Diversity is a defining feature of our world in this time of increasing globalisation and migration, and it is reflected in our communities. The learning environment is no exception. New Zealand ranks third among OECD countries for the highest proportion of overseas born residents (OECD, 2017) and Auckland city now has one of the highest proportions of immigrants of any city in the OECD.
Part 1 of this report defines diversity, its benefits and challenges, describes who are our diverse learners, what diversity in schools in Auckland looks like, and the policy settings and expectations set for addressing diversity. This section concludes with the key evaluation questions and methodology used here to evaluate principles and practice addressing diversity in New Zealand services and schools.
Diversity is a fundamental aspect of our society and therefore of our communities, workplaces, schools, and early learning services. Culture is one significant contributor to diversity. In itself culture is a comprehensive concept and encompasses many components such as values and behavioural styles, language and dialects, non‑verbal communications, and perspectives, worldviews and frames of reference (Banks, 2006). Culture is also dynamic in that individuals, practices and environments are constantly changing and so it is difficult to have a single definition of culture.
A culturally and linguistically diverse (CLD) learner is typically used to identify a learner who differs from the mainstream culture in terms of ethnicity, social class, and or language (Perez, 1988). In this sense, linguistic diversity is a subset of cultural diversity (Parla, 1994). “CLD learners” refers to learners whose home language is a language other than English, who are second language learners, limited English proficiency, bilingual, language minority learners, and mainstream dialect speakers. In the context of migration, the CLD population could include migrants and refugees, those with migrant backgrounds, temporary and permanent migrants and first- and second‑generation migrants. Immigrant status can reflect duration of settlement, distance to integration etc. and could also serve as a proxy for factors such as birthplace, ethnicity, race and language.
Research (CaDDANZ, 2014) finds there are economic and social benefits to diversity, from economic innovation associated with immigrant entrepreneurialism to exposure of local people to new values, practices, institutions, foods, languages and world views.

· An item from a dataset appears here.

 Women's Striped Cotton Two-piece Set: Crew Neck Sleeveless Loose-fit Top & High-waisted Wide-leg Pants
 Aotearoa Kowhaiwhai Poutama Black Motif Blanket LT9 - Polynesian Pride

Diversity is seen as comparative advantage and opportunity. To reap this diversity dividend, we must prepare teachers, early learning services, schools and learners to adapt, respond and mutually benefit.

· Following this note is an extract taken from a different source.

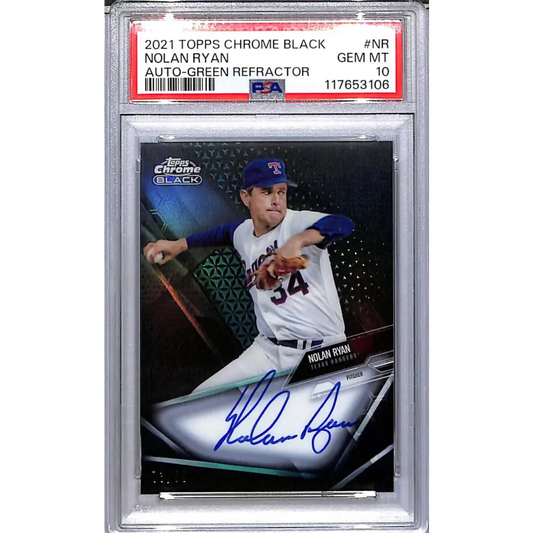 2021 Topps Chrome Black Green #CBA-NR Nolan Ryan PSA 10 GEM MINT Auto 73/99 Texas Rangers  Image 1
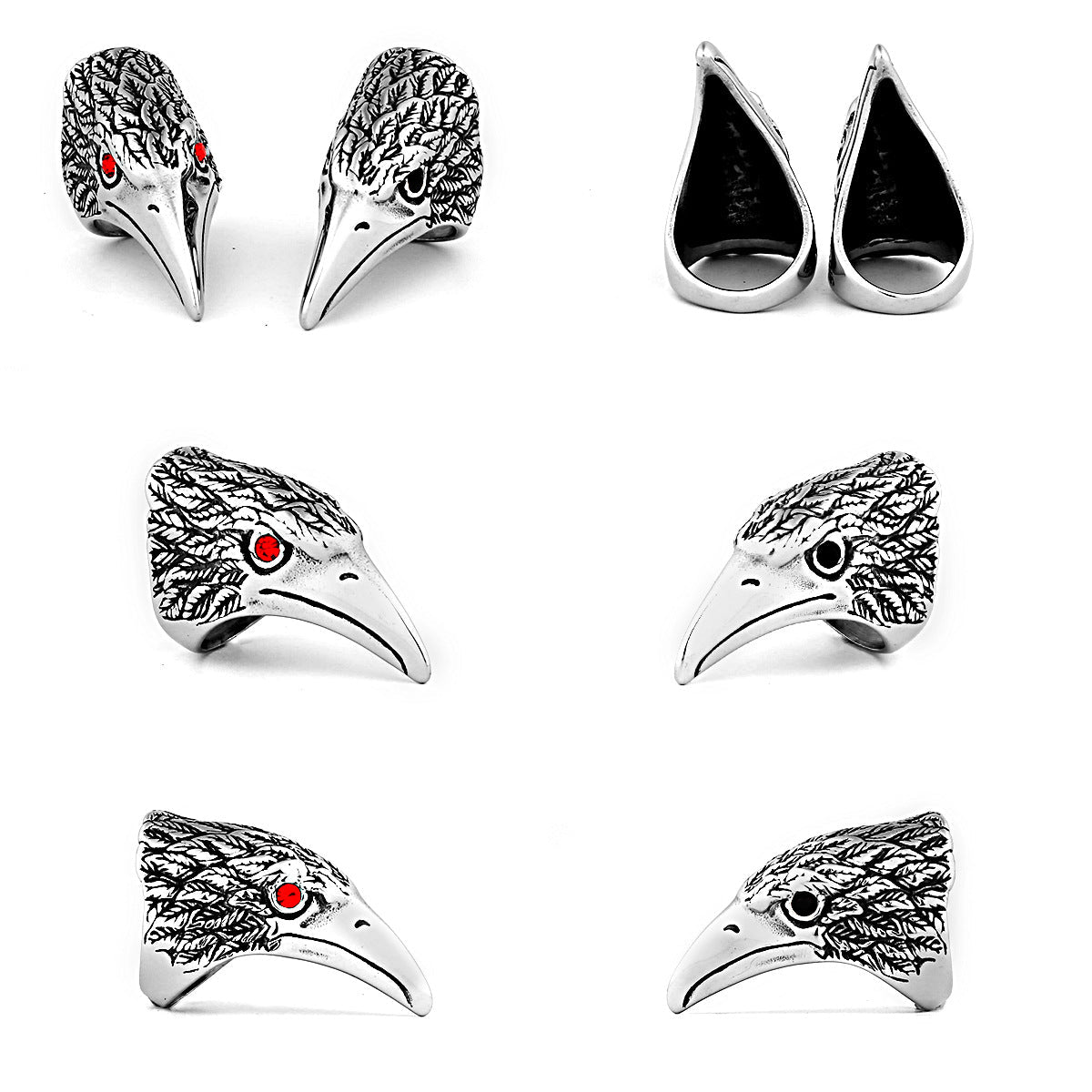 Red and Black Eyed Eagle Ring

Gearing up a system‑wide response is no mean task. To make sure social mobility and inclusion are achieved for all, an education system must be successful in teaching every child to communicate and interact with people from different backgrounds and with different abilities (Kendall, 2010). This means teachers must excel in engaging and making sure learning happens for all learners, irrespective of background, and early learning services and schools need to have the right guidance and support systems for learners and teachers alike.
Is diversity in the classroom a challenge or an opportunity? When considering CLD learners it is important to remember that difference does not mean deficient. People everywhere learn differently, process information in different ways, and look to different external cues for understanding the world. The priorities of diverse learners are broader than just learning English, which is the main medium of instruction. Research (Geay et al., 2013) has shown that an increased presence of learners who do not speak English as their home language is not detrimental to the educational attainment of native English speakers. On the contrary, a diverse mix of learners can potentially enrich each other’s world through their unique cultures and sense making.
Learners need the ability to work with a diversity of people — because the changing global environment requires us to engage with people from many different backgrounds and world views — and to work with a diversity of ideas to solve increasingly complex, real‑world challenges.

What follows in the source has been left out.